Directions for this task
Reproduce the listing below exactly, except for its pictures.

Data section
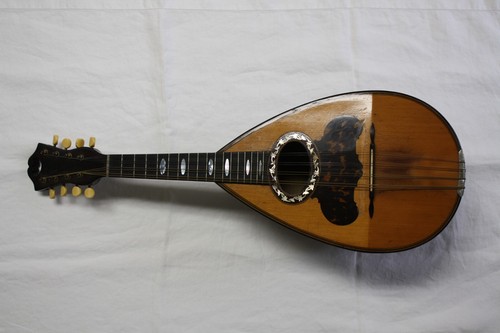 Conn wonder mandolin - conn,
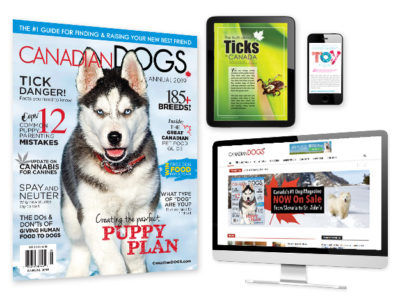 pet marketing agency canadian dogs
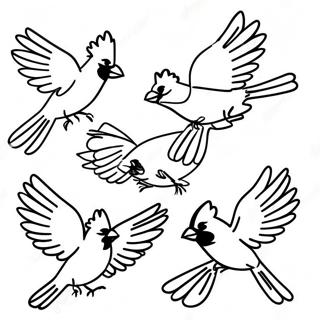 Colorful Cardinals in Flight Coloring Page | Cardinals coloring page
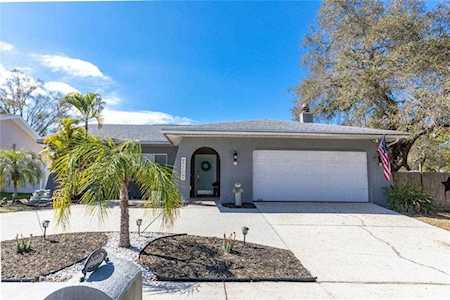 2198 Groveland Rd Palm Harbor, FL 34683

Exercise answer
 Conn wonder mandolin - conn,
 pet marketing agency canadian dogs
 Colorful Cardinals in Flight Coloring Page | Cardinals coloring page
 2198 Groveland Rd Palm Harbor, FL 34683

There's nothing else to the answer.